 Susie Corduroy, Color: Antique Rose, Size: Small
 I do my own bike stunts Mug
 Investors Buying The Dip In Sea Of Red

====

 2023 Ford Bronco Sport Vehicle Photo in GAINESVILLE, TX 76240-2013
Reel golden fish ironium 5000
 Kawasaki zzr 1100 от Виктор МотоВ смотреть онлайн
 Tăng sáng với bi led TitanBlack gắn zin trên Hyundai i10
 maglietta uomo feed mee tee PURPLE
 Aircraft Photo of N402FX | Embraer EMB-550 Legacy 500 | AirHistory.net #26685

====

Exercise:
Reproduce, word for word and in full, only the lines above that start at the line with "2023 Ford Bronco" and run through the line with "Aircraft Photo of", both ends included.

Response box:
 2023 Ford Bronco Sport Vehicle Photo in GAINESVILLE, TX 76240-2013
Reel golden fish ironium 5000
 Kawasaki zzr 1100 от Виктор МотоВ смотреть онлайн
 Tăng sáng với bi led TitanBlack gắn zin trên Hyundai i10
 maglietta uomo feed mee tee PURPLE
 Aircraft Photo of N402FX | Embraer EMB-550 Legacy 500 | AirHistory.net #26685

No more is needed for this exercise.